P had the beautiful brainstorm of calling our class The Mathematical Kitchen. (We figured we'd only get sweet, geeky kids who would be willing to do math during their choice time.) We also realized that, especially this first time, baking bread was probably a bit too ambitious. We only see our students for 30 minutes, three times a week, for two weeks. We couldn't quite figure out how to break up the bread baking process, and I wanted to test it out first to make sure the bread dough could handle so many waiting periods in the fridge.
So we switched to cookies. Meanwhile, the students - all 803 of them - got to fill out their choice surveys, and I (lucky me) got to enter their choices into the computer. TMK blew the competition away! Even with choices like playing computer games, walking outside, breakdancing, reading graphic novels, playing other games, and art, we had more requests than anyone! Unfortunately we could only take 32, which was way more kids than we'd initially planned on.
So with a trip to the dollar store and a trip to the local warehouse store (25 pound bag of flour, 20 pound bag of sugar), we were off. We made eight groups of four, dove into math, and had an absolute blast!
Day 1: Students were given a giant mixing bowl full of lentils, a set of measuring cups and measuring spoons, and a worksheet asking them to figure out as many ways as possible of making 2 cups, 1/3 cup, 1 tablespoon. We wanted them to begin to really understand and have a visual picture of fractions.
Day 2: Students worked on doubling, tripling, and halving recipes.
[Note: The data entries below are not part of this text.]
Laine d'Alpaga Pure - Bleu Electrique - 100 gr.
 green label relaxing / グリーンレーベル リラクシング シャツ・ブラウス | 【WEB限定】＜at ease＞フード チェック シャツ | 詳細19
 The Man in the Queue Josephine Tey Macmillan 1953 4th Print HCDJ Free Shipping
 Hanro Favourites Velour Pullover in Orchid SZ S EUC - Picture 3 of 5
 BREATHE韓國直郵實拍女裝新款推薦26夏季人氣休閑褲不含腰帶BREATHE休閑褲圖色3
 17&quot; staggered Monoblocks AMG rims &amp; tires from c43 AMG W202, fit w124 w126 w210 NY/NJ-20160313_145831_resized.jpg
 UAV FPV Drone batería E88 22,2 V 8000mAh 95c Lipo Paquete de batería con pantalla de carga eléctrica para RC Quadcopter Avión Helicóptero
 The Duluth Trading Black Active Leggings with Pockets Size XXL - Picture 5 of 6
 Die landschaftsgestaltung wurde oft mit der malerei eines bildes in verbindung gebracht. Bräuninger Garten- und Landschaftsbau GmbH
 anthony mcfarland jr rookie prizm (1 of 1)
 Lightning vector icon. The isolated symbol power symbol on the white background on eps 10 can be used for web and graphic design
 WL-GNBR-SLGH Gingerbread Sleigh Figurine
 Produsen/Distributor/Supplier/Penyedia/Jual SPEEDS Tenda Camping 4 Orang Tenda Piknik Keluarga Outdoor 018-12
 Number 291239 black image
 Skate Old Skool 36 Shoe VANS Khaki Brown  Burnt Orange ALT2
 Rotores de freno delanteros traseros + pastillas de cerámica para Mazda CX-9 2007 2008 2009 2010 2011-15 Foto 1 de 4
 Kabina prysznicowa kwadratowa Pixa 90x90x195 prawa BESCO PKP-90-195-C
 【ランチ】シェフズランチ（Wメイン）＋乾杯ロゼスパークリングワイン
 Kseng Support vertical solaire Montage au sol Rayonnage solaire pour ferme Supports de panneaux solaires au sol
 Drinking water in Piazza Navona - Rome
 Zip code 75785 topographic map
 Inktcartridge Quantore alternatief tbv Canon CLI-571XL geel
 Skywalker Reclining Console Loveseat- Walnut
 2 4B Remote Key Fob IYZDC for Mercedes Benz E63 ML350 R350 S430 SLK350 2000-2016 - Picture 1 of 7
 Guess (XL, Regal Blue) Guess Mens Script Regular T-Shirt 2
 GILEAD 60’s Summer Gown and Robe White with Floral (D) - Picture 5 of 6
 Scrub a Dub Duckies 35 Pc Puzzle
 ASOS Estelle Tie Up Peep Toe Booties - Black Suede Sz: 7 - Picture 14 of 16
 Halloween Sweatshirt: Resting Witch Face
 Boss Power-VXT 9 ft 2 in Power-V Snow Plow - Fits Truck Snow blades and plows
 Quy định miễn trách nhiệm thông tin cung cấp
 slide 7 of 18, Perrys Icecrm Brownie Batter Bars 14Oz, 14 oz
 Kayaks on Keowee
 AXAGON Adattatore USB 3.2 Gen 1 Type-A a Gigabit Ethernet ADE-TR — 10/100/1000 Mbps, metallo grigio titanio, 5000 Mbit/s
Day 3: Students read this article from the Post-Gazette on cookie chemistry. We talked about the functions of all of the different ingredients, and we kind of wished we had a science teacher working with us, too! Students were given a basic sugar cookie recipe and were told to tamper with it...experiment, hypothesize, see what would happen if....
Day 4: Students finished creating their new recipe and then halved it. Then they mixed their dry ingredients. We gave them paper bowls filled with flour and paper cups with salt and baking powder. Watching them measure the flour was pretty hysterical: grabbing giant handfuls, tamping it down with their fingers..... I'm guessing the measurements were not exact. =)
Day 5: Was insane!!! In 30 minutes, we: handed out recipes, baggies full of dry ingredients, paper bowls full of sugar, sticks of butter, latex gloves, mixing bowls, measuring cups and spoons, and giant wooden spoons; handed out and helped put together hand mixers; explained that they needed to reserve 1/4 cup of sugar for coating their cookies; measured out vanilla; handed out and cracked eggs; had students cream the butter and sugar, add the vanilla and eggs, and then the dry ingredients; had students roll out 12 cookies, roll those cookies in sugar, and place them on a plate; labeled plates and covered them with plastic wrap; and got everything picked up and cleaned up. It was pure craziness and so much fun! We were short two mixers, so two groups had to mix by hand. They were crabby, but they actually had an easier time. P had left the butter out overnight, but our school gets so cold at night that it hadn't softened much. The kids mixing by hand (and they were literally mixing by hand: eight glove-covered hands in the bowl squishing the dough!) used the warmth of their hands to get the butter to the right temperature and texture. I so wish we'd had a camera to take pictures!!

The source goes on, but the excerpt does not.